Uroczysta msza beatyfikacyjna odbędzie się za pół roku, 10 września, w Markowej. To właśnie w tej wsi na Podkarpaciu mieszkała rodzina Ulmów – Wiktoria i Józef z szóstką dzieci. Zostali zabici przez Niemców za ukrywanie żydowskich rodzin.

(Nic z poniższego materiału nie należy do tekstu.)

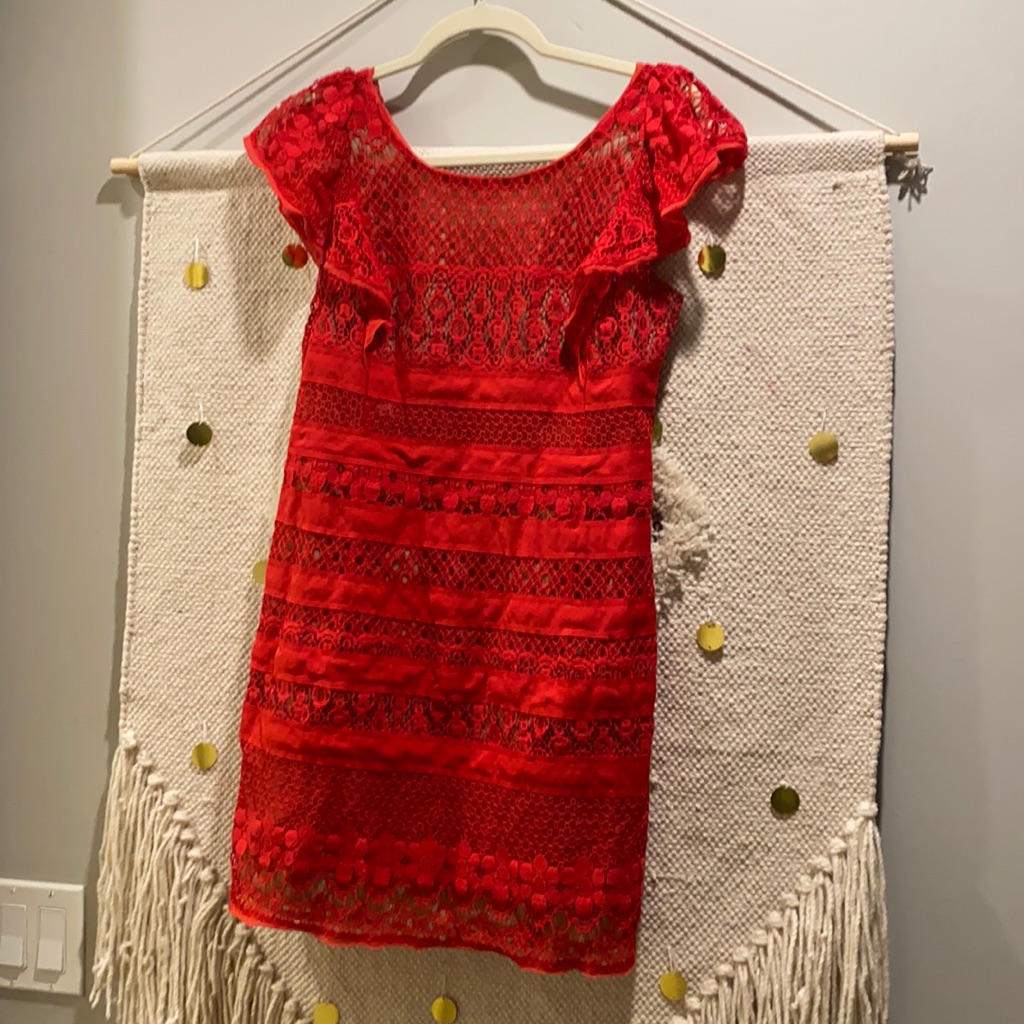 Bcbg Maxaria Woman’s Pink/Red Lace Dress With Nude Lining, Like New, Size :4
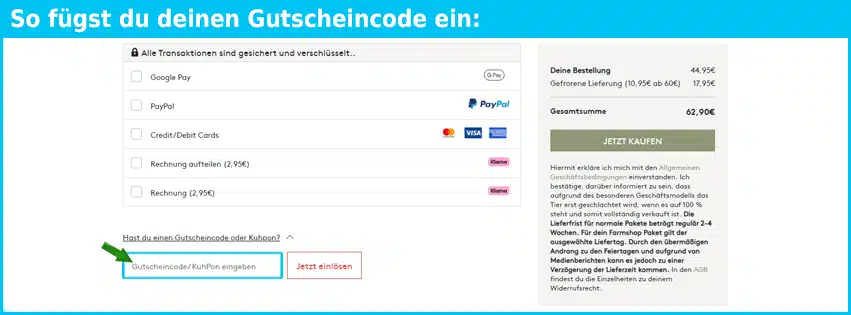 kaufnekuh Gutschein einfuegen und sparen blau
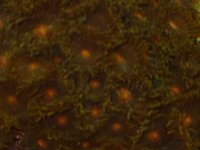 zoopolyps3.jpg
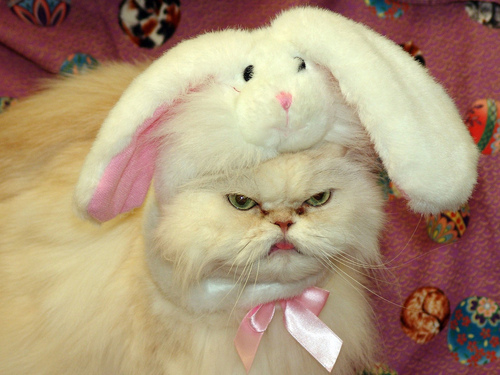 cat-with-bunny-hat-is-not-amused-cat-cats-kitten-kitty-pic-picture-funny-lolcat-cute-fun-lovely-photo-images.jpg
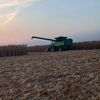 random_farm_kid10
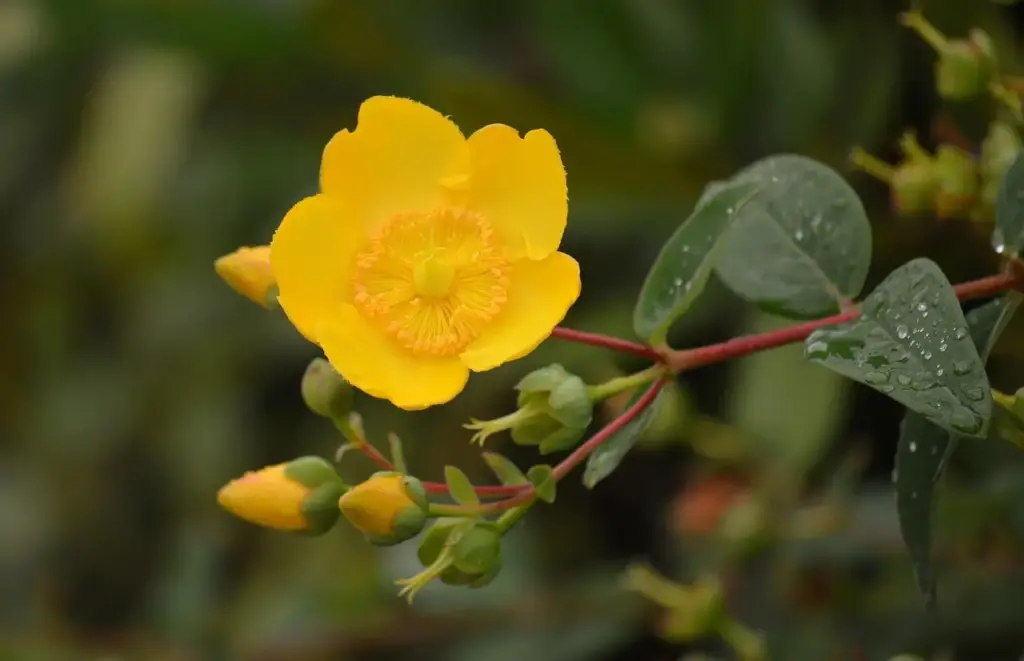 Moravianermissionen og menighedslivet på St. Jan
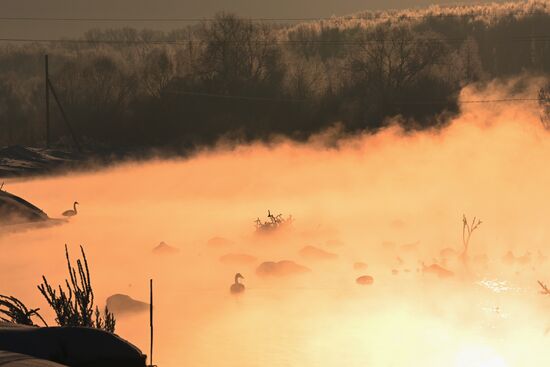 Russia Wildlife Swans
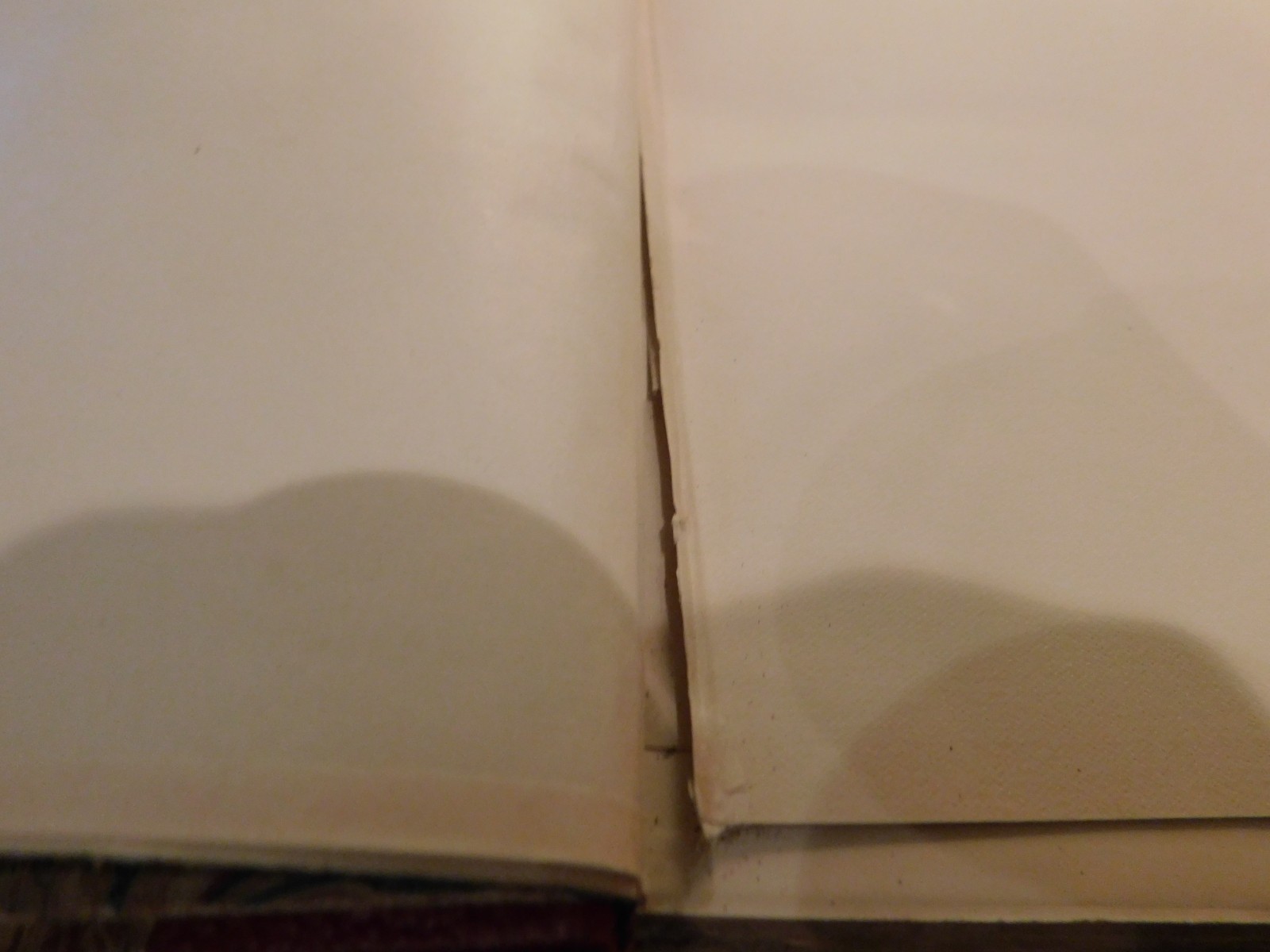 1901 15 Volumes ‘Honore de Balzac’ Illus. Book Lover Press Marbled Covers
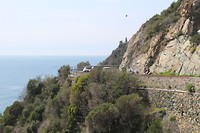 IMG_4137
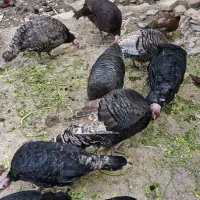 13عدد بوقلمون فروشی|حیوانات مزرعه|ورامین, ورامین|دیوار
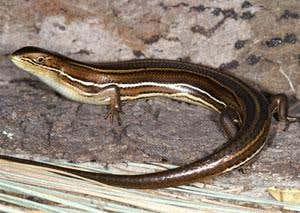 New Scientist. Science news and long reads from expert journalists, covering developments in science, technology, health and the environment on the website and the magazine.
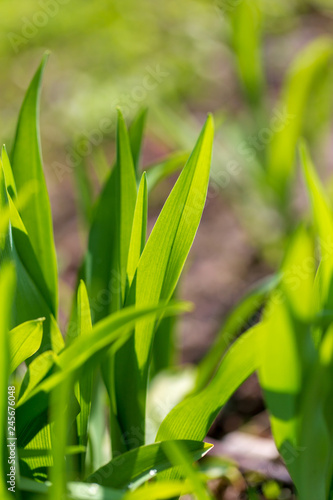 Green grass on nature in spring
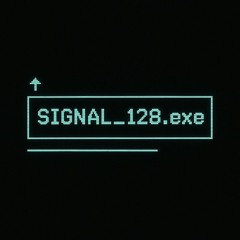 DVN - SIGNAL_128.EXE // TRANSMISSION_01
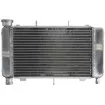 Ψυγείο νερού μοτοσυκλέτας RAD-561 YAMAHA FZ6 600N/600S 04-06 / 600NA (ABS) 05-06 / 600S (Fazer ABS) 2006 Ψυγείο νερού μοτοσυκλέτας RAD-561 YAMAHA FZ6 600N/600S 04-06 / 600NA (ABS) 05-06 / 600S (Fazer ABS) 2006 thumb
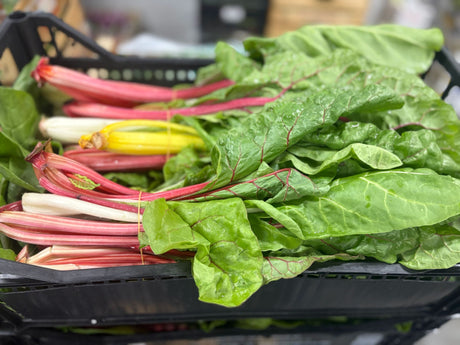 FRESH VEGETABLES SWISS CHARD RAINBOW £3.6 AL KG (APPROX 7.8 KG) - ONLY LONDON AREA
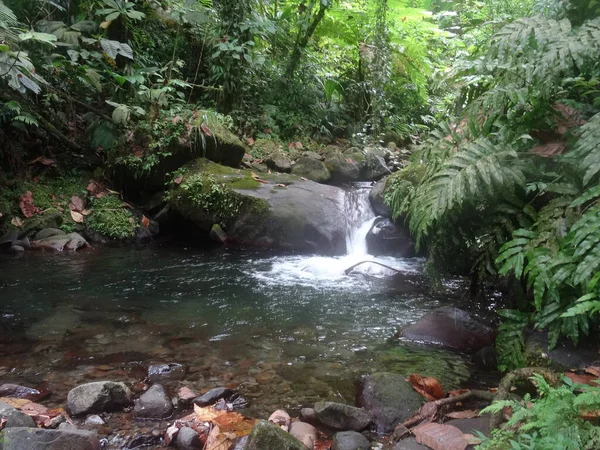 Waterfall Lush Rainforest — Foto Stock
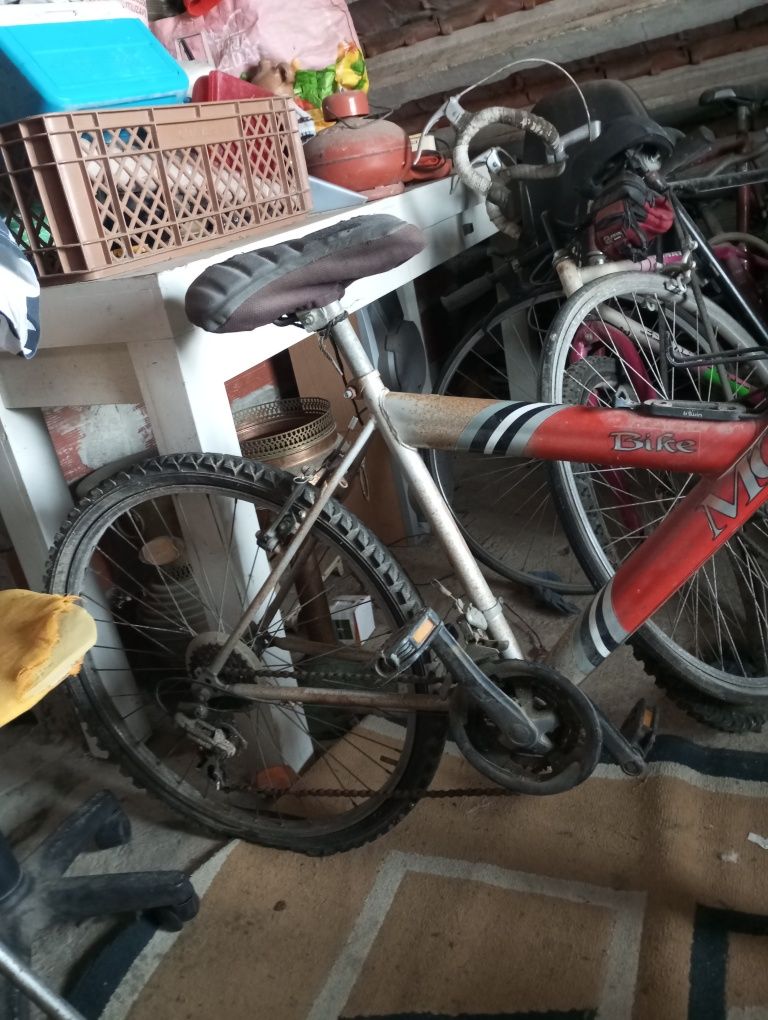 Bicicleta- Bike Zoom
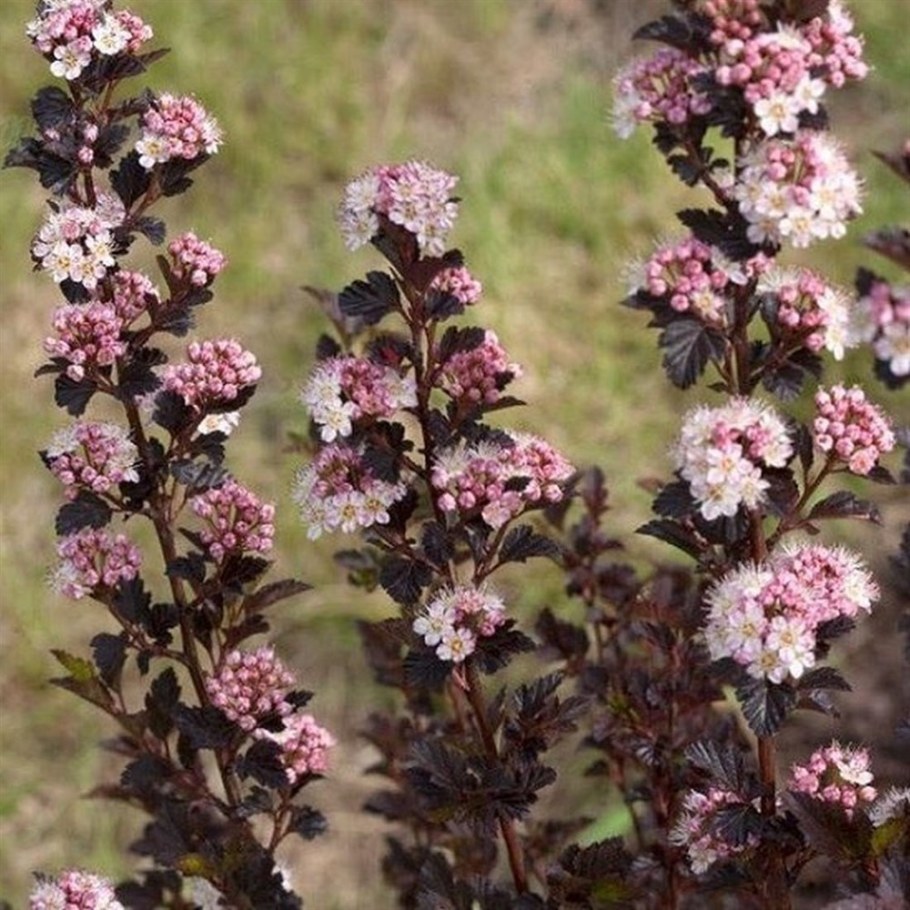 Пузыреплодник калинолистный little Joker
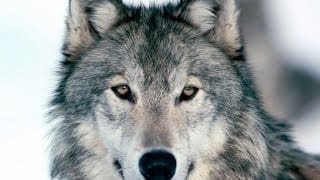 Le loup gris - Documentaire animalier 1 fqbVuy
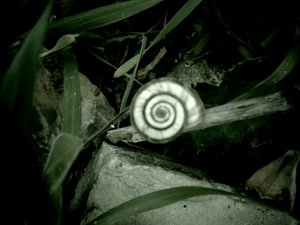 Snail Shell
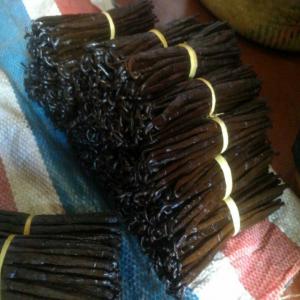  Wholesale Vanilla Beans From Madagascar - aromatic spices we are vanilla beans exporter from madagascar furnish best quality dried vanilla beans bourbon at the most reasonable price fast delivery to your preferable destination and follow international quality market . specification item name vanilla beans length 14cm 20cm moisture 30% 35% vanillin 
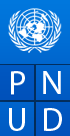 logo PNUD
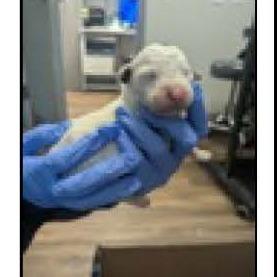 Enlarge Big Gulp (Tan Collar), a Adoptable mixed breed in Escondido, CA image 2/6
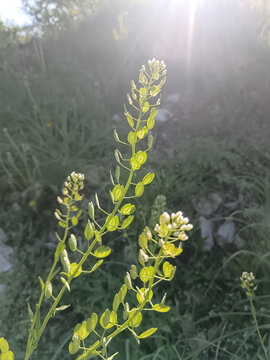 阳光下的嫩绿植物菥蓂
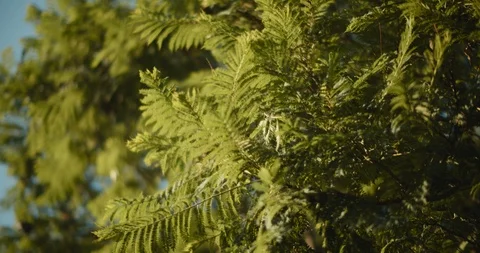 Close up of tree branches blowing in the wind outdoors at sunset. BMPCC 4K Stock Footage 125766384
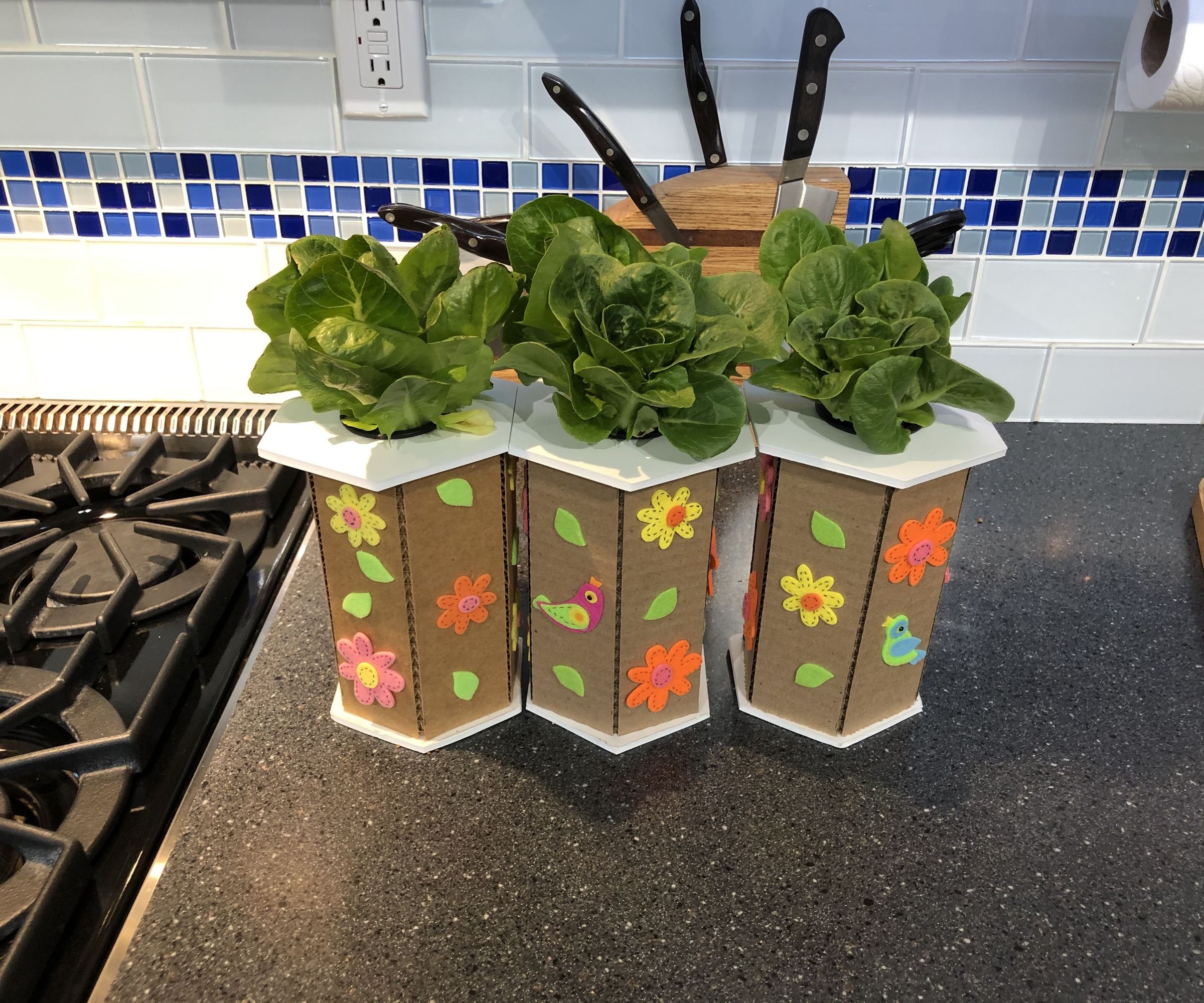 Hydrohex Planter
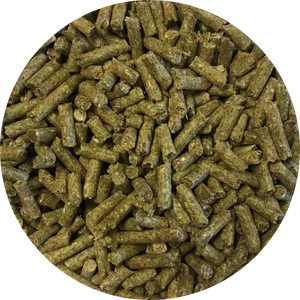 Ace Hi Mini/Pot Bellied Pig Diet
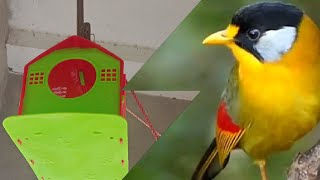 Unboxing Birds House mysterytravelsTamil889Meesho [upl. by Cathyleen724]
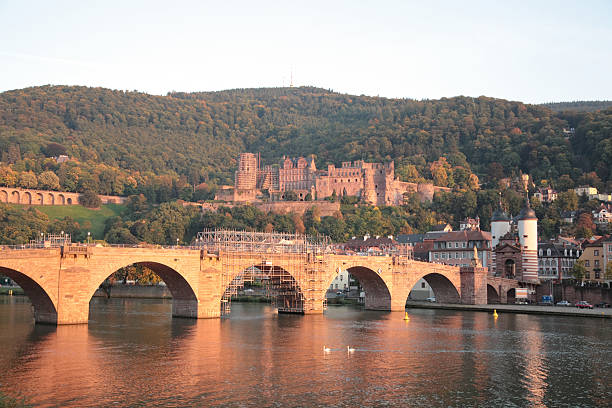 istock Heidelberg Castle and old town under sunset 183385208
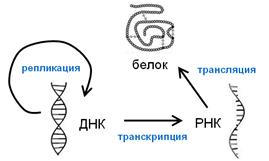 В тексте пропущены некоторые термины. - student2.ru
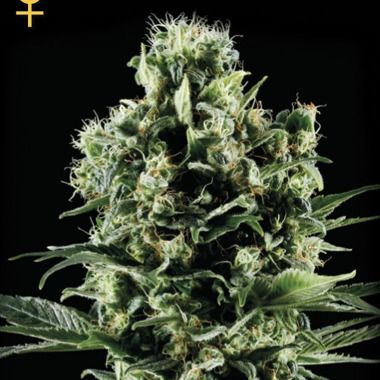 Greenhouse seeds Arjan's Ultra Haze 2 Feminized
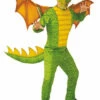 Dragon Boy Costume -Disney Sales r700926z 91350.1592310852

Archidiecezja przemyska rozpoczęła przygotowania do uroczystości. Na razie szuka tych, którzy podczas mszy zajmą się oprawą muzyczną. "Zapraszamy zatem chóry, orkiestry i schole, by poprzez stworzenie jednego chóru i jednej orkiestry, ochotnym sercem włączyły się w radosne przeżywanie tej niezwykłej uroczystości" – czytamy w komunikacie zamieszczonym na stronie archidiecezji. Duchowni spodziewają się, że w uroczystości weźmie udział "wielka wspólnota wiernych", dlatego – jak napisali dalej w komunikacie - „pośród niej nie może zabraknąć tych, którzy poprzez swój talent muzyczny przyczynią się nie tylko do ubogacenia Mszy świętej beatyfikacyjnej, ale przede wszystkim do pomnożenia chwały Bożej i uświęcenia wiernych".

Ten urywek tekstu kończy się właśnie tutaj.